Start of Block

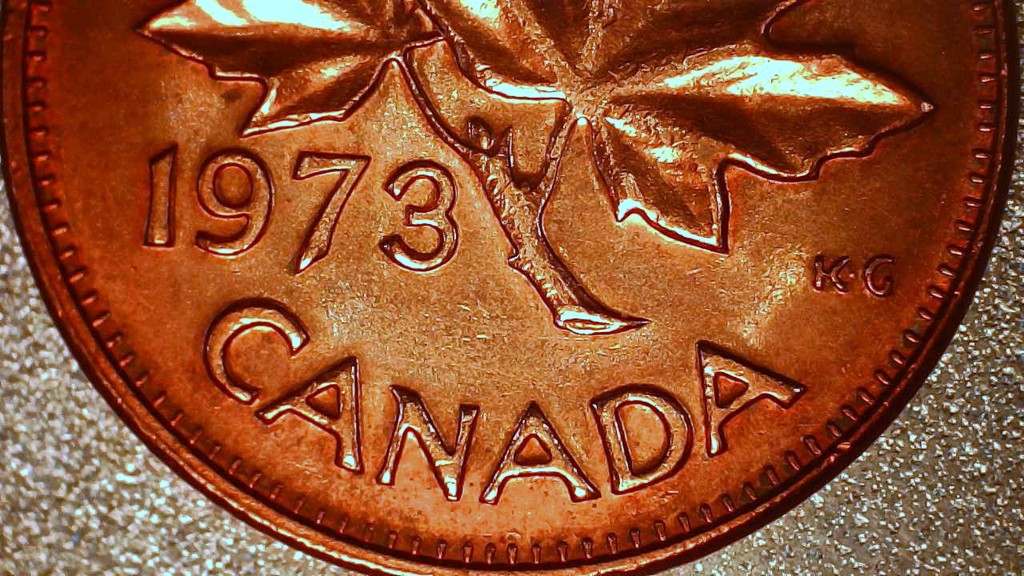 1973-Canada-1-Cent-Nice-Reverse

End of Block
Start of Block

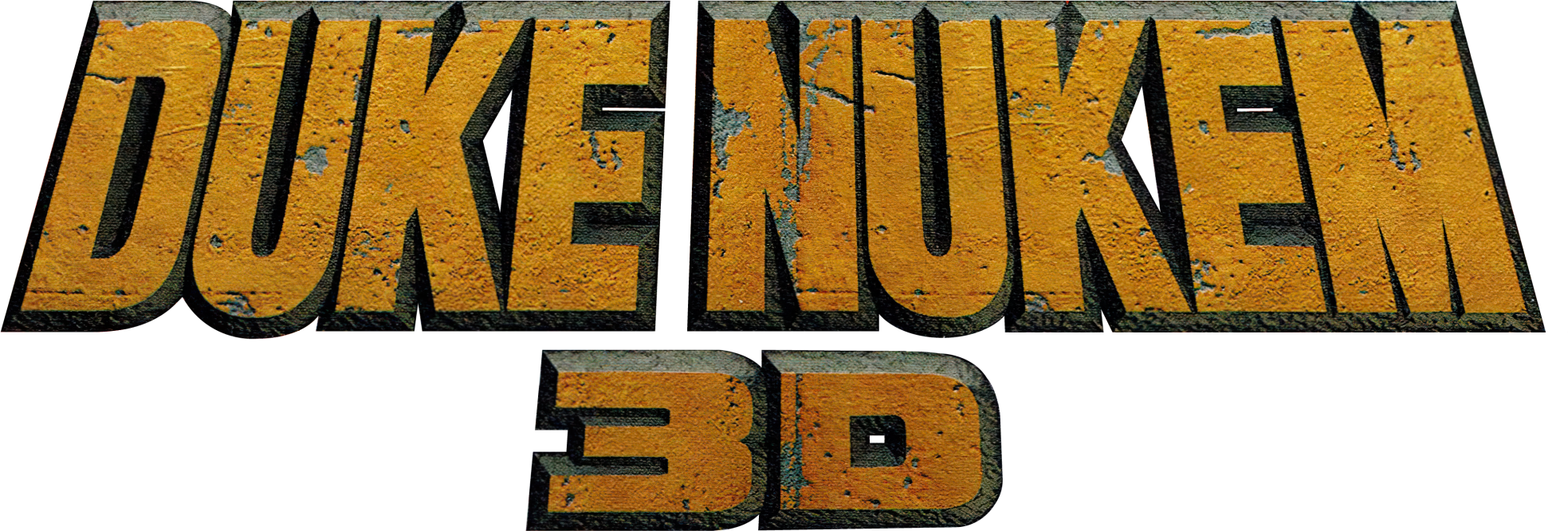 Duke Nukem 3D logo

End of Block
Start of Block

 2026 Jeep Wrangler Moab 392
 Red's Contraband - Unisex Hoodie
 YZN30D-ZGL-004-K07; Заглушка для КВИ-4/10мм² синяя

End of Block

**What this task involves**
Among the entries above, the lines between the ones containing "2026 Jeep Wrangler Moab 392" and "YZN30D-ZGL-004-K07; Заглушка для", inclusive, are to be transcribed exactly. No other line is to be given.

**Answer to this exercise**
 2026 Jeep Wrangler Moab 392
 Red's Contraband - Unisex Hoodie
 YZN30D-ZGL-004-K07; Заглушка для КВИ-4/10мм² синяя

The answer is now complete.